Rules-based, risk-based regulation
Gaining access to the banking system is also a major concern for emerging digital currency companies and startups.
These regulatory variations – at the state level and the level of the traditional financial system – present the next level of friction in the ecosystem, according to Brian Stoeckert, managing director of digital currency consulting firm CoinComply.
“Whether people want to believe this or not,” he said, “if you’re in the regulated financial services world of digital currency, you need – if you want to operate – a US bank account because you want to have ACH or wire transfers.”
But companies are grappling with how to give confidence to regulators, bank authorities and customers; how to dispel fears around money laundering, security and fraud; how to reassure all parties that they won’t become victims of events like the ones that brought bitcoin into the limelight.
“You need to address those risks, you need to have consumer confidence,” said John Beccia, general counsel and chief compliance officer at digital money platform Circle Internet Financial. “People need to feel that this is another legitimate payments vehicle and so you need to have that [regulation] in place.”
He added that Circle does full KYC procedures, venturing that it might even do more than traditional banks. It looks at IP addresses, geo-location, document validation, visual recognition – a technology company can build its KYC system from the ground up, without having to work with legacy systems.
This is an industry where new companies seem to sprout up daily. Stoeckert said the market demand for engagement is significant, and that although there is a lack of faith in trustful companies, there is an increasing number of them putting consumers at ease.
“Is that going to push the traditional financial institutions to try and keep up? I absolutely think so. I think they’re going to be in a hard position to do that,” he said.

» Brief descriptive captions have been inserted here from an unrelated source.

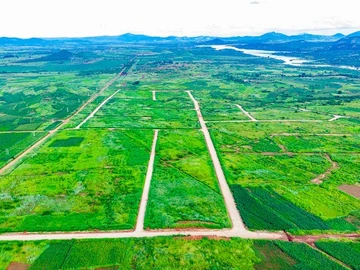 Stands & Residential Land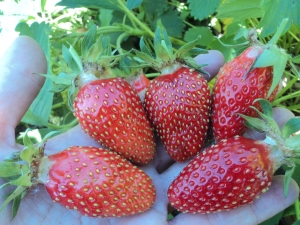 Strawberry Maryshka: kenmerken en teelt van variëteiten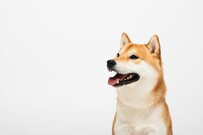 顔出しパネルを使った「柴犬」に思わず目を疑う　想像の斜め上を行く表情が話題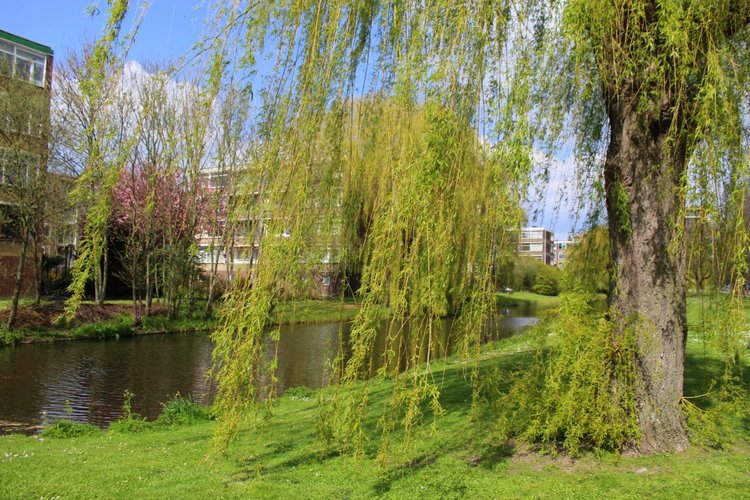 Цветущая Сакура. Прогулка по парку с Алисой. Весенние зарисовки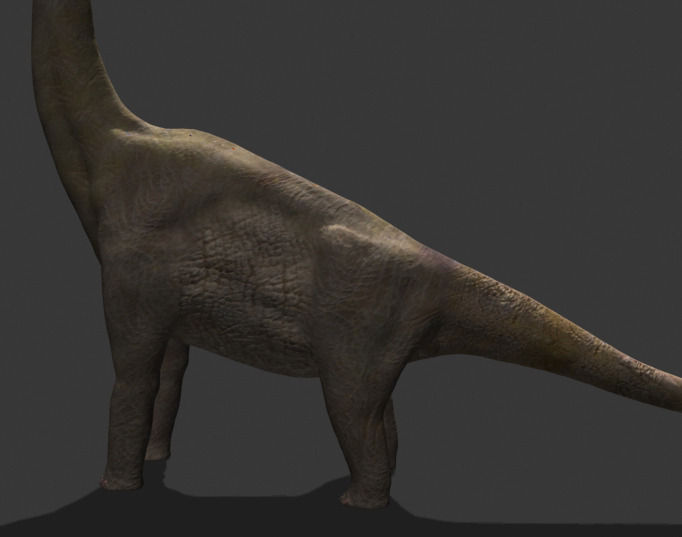 MY SPECIAL DINOSAUR PACK - rex 3d model 3D model_28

“The more we hear about these privacy data leaks and cybersecurity aspects, I wonder if that’s going to be the backend to more digital currency-based methods […] Maybe there’s going to come a time where people don’t want to be able to turn over that much information for day-to-day purchases, and that may end up being a use case for it.”

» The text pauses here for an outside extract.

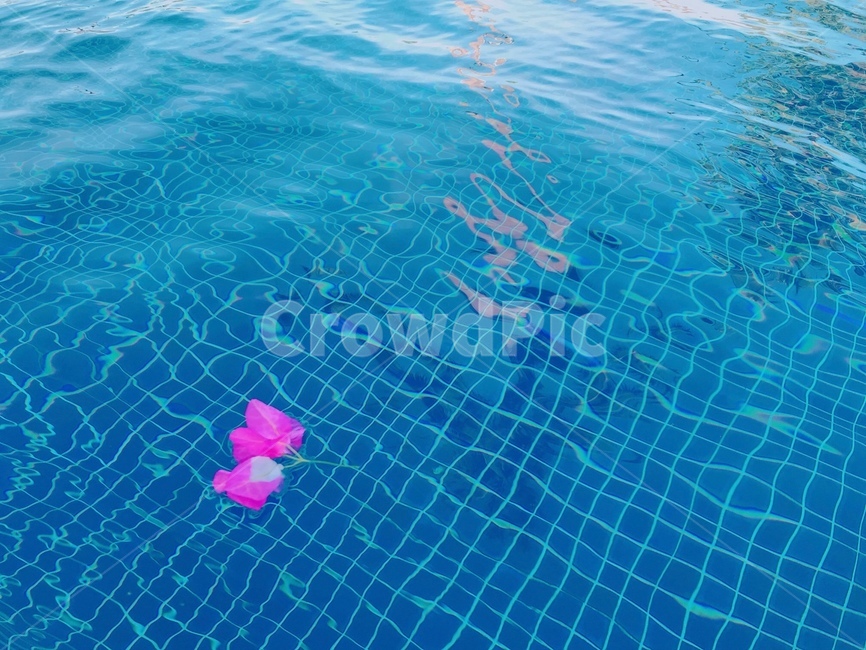 수영장,꽃잎,물위에꽃,물결,진달래,꽃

Digital identity and financial autonomy
Millennials are a highly digital demographic moving the payments industry of the developed world. They are 20 to 35 years old, 52% of them have used mobile payments and 18% expect to use digital currencies on a weekly basis by 2020.
“[They’re] looking at the technology, growing up in technology, [there’s] very minimal use of the traditional financial system right now,” Stoeckert said. “They get paid in ACH, they utilize and transfer money through mobile devices, they share rides, they share apartments – the sharing mechanism is a key component that we’re looking at.”
But in the developing world that doesn’t have access to the global banking system and where individuals might not have access to banking services, digital identity is the heart of the matter.
Lack of identity is precisely the issue with the so-called “unbanked”, said Michael Casey, a Wall Street Journal global finance senior columnist and co-author of The Age of Cryptocurrency. He argues that there is enormous economic power in giving people their identity and creditworthiness.
“Whether or not they have the documents themselves there’s just no way to prove who you are. You can own your land but you can’t mortgage it and turn it into an asset as we can, and that just retards growth.”
“If we build identities around these alternative measures,” he added, “the concern is always that the centralized figure – whether it’s Google or PayPal – owns your information.”
It was perhaps Casey that spoke most directly to the abilities of bitcoin to influence the global financial system, adding:
“This is where the blockchain comes in: Give people the power to recognize that they can withhold certain information because they can control it.”